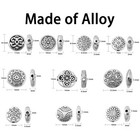 100pcs Silver Flat Round Beads Flower Star Pattern For Diy Jewelry Craft Making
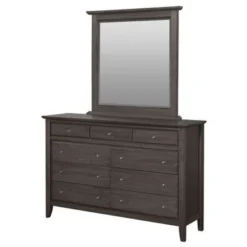 Nine Drawer Dresser With Floating Top And Metal Drawer Pull, Gray
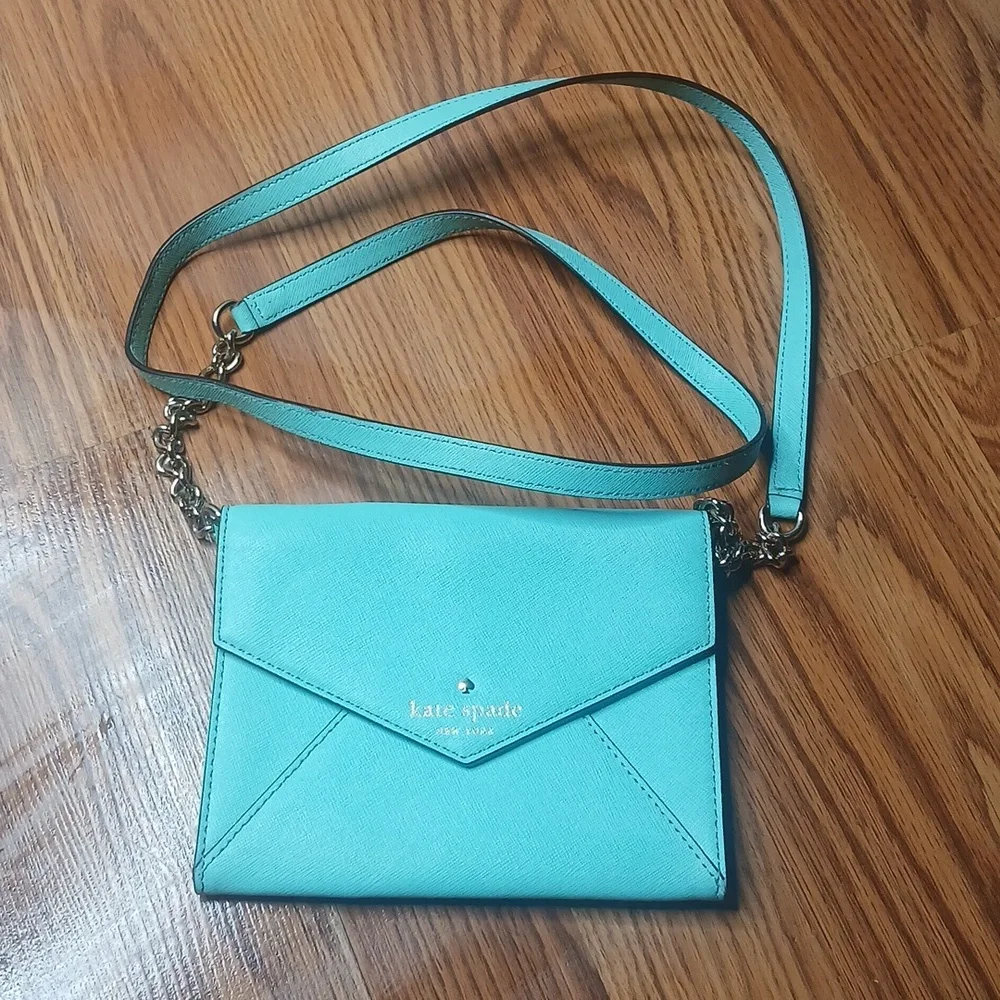 Kate‎ Spade Light Blue Slim Envelope Crossbody Bag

※ ※ ※

## To do
Retype the material in full, exactly as written, and exclude the pictures.

## Result for this task
 100pcs Silver Flat Round Beads Flower Star Pattern For Diy Jewelry Craft Making
 Nine Drawer Dresser With Floating Top And Metal Drawer Pull, Gray
 Kate‎ Spade Light Blue Slim Envelope Crossbody Bag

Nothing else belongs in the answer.